My focus is on clinical outcomes and disparities research. Working with different sources of data, both at local and national or international levels, I attempt to identify factors or intervention that potentially affect treatments, procedures, and the overall care of patients diagnosed with complex malignancies. I wish to continue furthering my research initiatives to enhance cancer outcomes and access for every patient, regardless of social or racial aspects.

If you could pick the brain of someone alive or dead, who would it be?

Gianni Agnelli comes to mind. He was an Italian businessman, heir to the Fiat automobile empire. He was potentially the most influential and powerful man in Italy during the pre and post war era. Despite the tribulations in his hometown of Turin and Italy, along with threats to his life and family, he opted to stay and lead an entire nation into more prosperous times. He was a man beloved by his employees and countrymen. His funeral is regarded as one of the largest conglomerations of people in Italy’s history.

What profession did you want to be when you were a kid?

I always dreamed of building a career in the military. I admired the structure and discipline of those serving in the military branches and how they were regarded as leaders in their communities. I also wanted to have an “adventurous and exciting” life.

What are some goals you would like to achieve during your time at UNC Surgery?

First, I want to deliver the best care in an empathetic way for all my patients. I make it a priority to connect with everyone around me and to build trusting relationships – especially with my patients. I seek to be the best doctor and surgeon possible. From a career standpoint I want to further my research and mentor residents and medical students, hopefully inspiring them through my work and the passion I hold for my craft.

What is one thing you wish your patients or coworkers knew about you before they meet you?

I believe in clear communication and trusting relationships.
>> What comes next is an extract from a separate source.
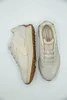 A pair of cream-colored Skechers sneakers are displayed on a white background. Produktbild-Vorschau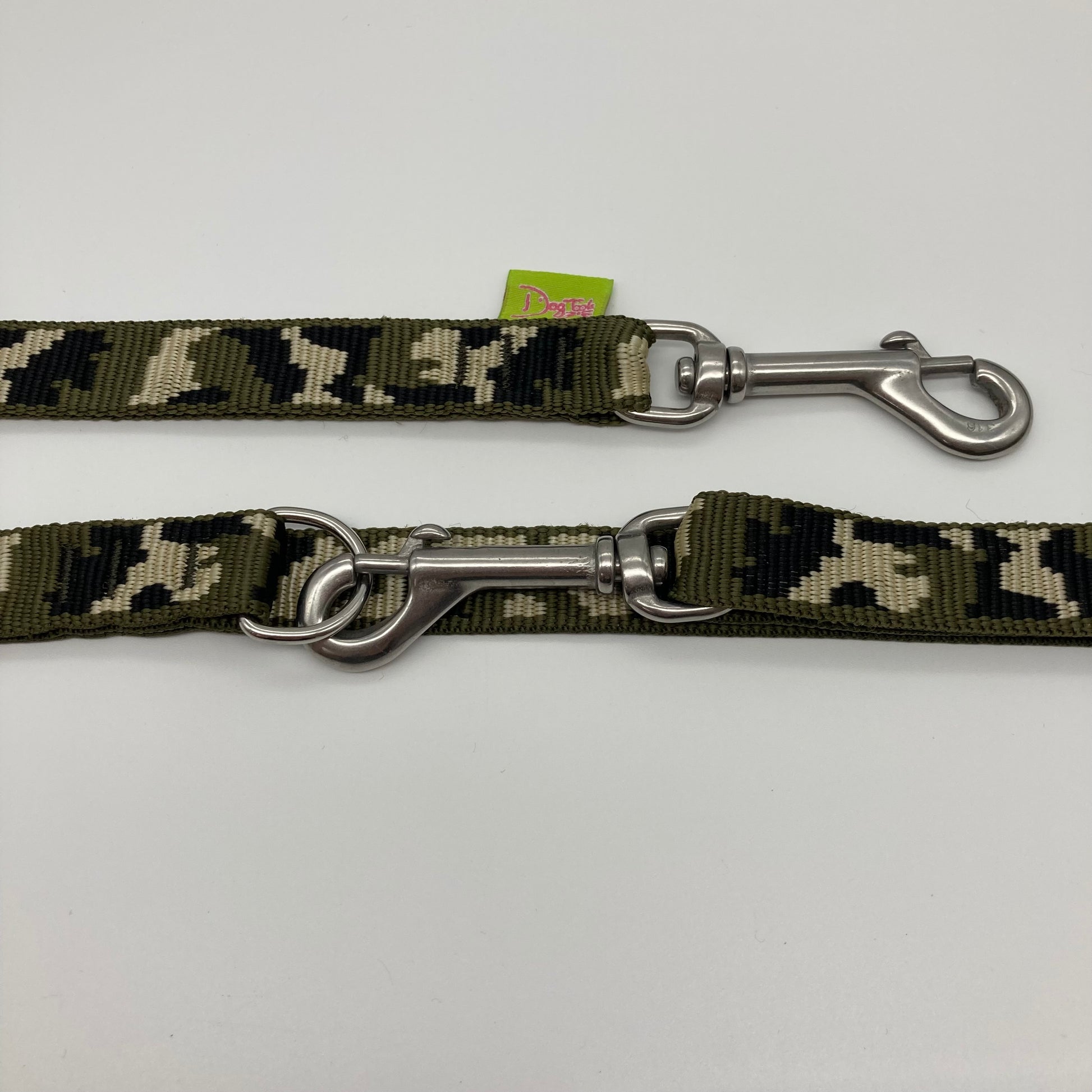 army green (army print in 3 colors, olive green, beige and black) multifunctional leash in size small, showing the 2 stainless steel hooks and the applegreen label with DogTools logo on it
This is necessary in our line of work, as patients place their lives and bodies on our hands.

What are the failures you most cherish? What did you learn from them?

I wanted to pursue subspecialty training right out of my general surgery residency training. Given multiple factors, this was not possible; I was very disappointed as I thought this would delay my career. I took a job as a general surgeon at a community hospital in Maine where I practiced for four years. I soon realized that was the best thing that could happen to me. I became an established surgeon, with a broad practice, caring for people in need. I also had the opportunity to mentor medical students. A big part of who I am now as a person and a professional is thanks to my time in Maine.

If you give your younger self one piece of advice what would it be?

I’ve come to realize that we cannot plan every detail of our lives and attempt to control everything around us. Unforeseen events happen, plans change, we keep moving forward and trust that it is better than what we had drawn out. I wish I had understood this earlier in my life; in the end, one always ends up where you are supposed, even if it’s not where you though you wanted to be.

What might someone be surprised to know about you?

I listen to country music.

What do you do when you aren’t working?

I’m very active, I enjoy running and high intensity functional training. One of my biggest passions is upland bird hunting over a dog – I have a German Shorthaired Pointer. I would spend every day of my life outside chasing birds if I could.

How would you describe yourself in one word?


Is there anything else you’d like colleagues, patients/loved ones, etc. to know?

I’m simple and straightforward, I enjoy a good laugh to lighten up even the heaviest of situations. It is humbling, and a real honor, for me to have the privilege of caring for people and being a helping hand in times of need.